The cause for our confusion, was the fact that, apart from having a time machine to do the needful, we had been as fast as we humanly could. Two of our staff had rushed to find autos on a deserted road to ferry the patients, while two others had helped them into the vehicle and gone to the hospital with them. According to us, we had done all we could and more.Apparently not.
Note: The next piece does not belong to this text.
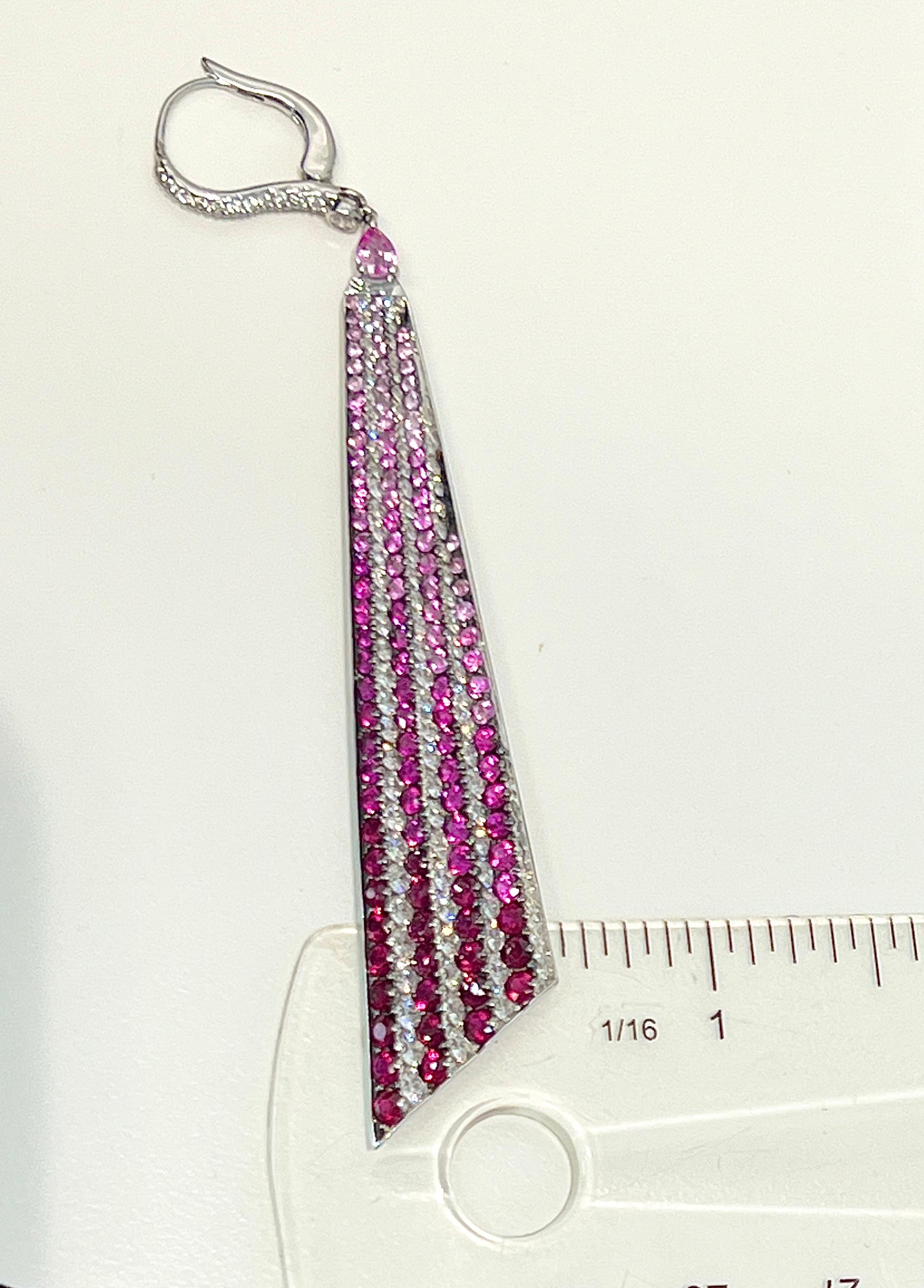pink sapphire dangle earrings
According to the leader of the mob, we needed to check the pulse of the patient before we put him into the auto. The other claimed that we should have done first aid inside our hospital premises before shifting him to an ICU.
We tried reasoning out that time was of utmost importance. That there was no need to check the pulse when the patient looked alive and was breathing. And we shifted him to a tertiary care center only because we did not, as a facility catering to mental illness, have an ICU facility and ventilator support.
Seemingly, all our explanations fell on deaf ears. The crowd kept chanting that we should have checked the pulse. On one level, I knew that they were just out to create a scene. Maybe the shock of seeing a person burn was too much to take. Maybe, they had no idea what to do in case of such a situation.
But on another level, we were scared. Upset that our good intentions were being slandered unnecessarily. Scared that they may abuse us physically.Are really really worried as to why understanding such a simple explanation seemed impossible to them.
Anyway, after a while, for lack of any other logical form of argument apart from the “pulse”, the crowd dispersed. But the hurt remained. That we, (especially our hospital staff who courageously helped the victims without a thought that they may have got electrocuted themselves too) were considered villains even after selflessly doing our best.
It did not matter that half the crowd was totally drunk, and had not moved a muscle to help all through the episode.What did matter, was that a scene was created. And that we looked like the bad people.
In the pat two years, in the small city that I live in, I have seen at least four hospitals getting ransacked and damaged for some alleged negligence on the part of a doctor, which has later on been disproved. I have participated in rallies held to protect the rights of doctors. The district administration has given us a list of laws and provisions to help us protect ourselves. We now have cctv’s in our hospitals.Despite all of these, the sense of disillusionment remains.
Sort of like, when you have actually done your homework, but forgotten the book at home. The teacher does not believe you, but you want to be believed oh so badly. Standing in front of the class looking like the culprit pains you bad. The pain, that neither your teacher or your friends had the good sense to believe you.Submitting the homework book next day does not really ease your pain. The damage has been done!
And so also in this case.Life moved on. Work resumed the next day. But every time I pass by the place on the road, I feel a physical pain deep inside me. One for the victim, who was a young man with small children. Two, for my idealism, which died a more cruel death that day.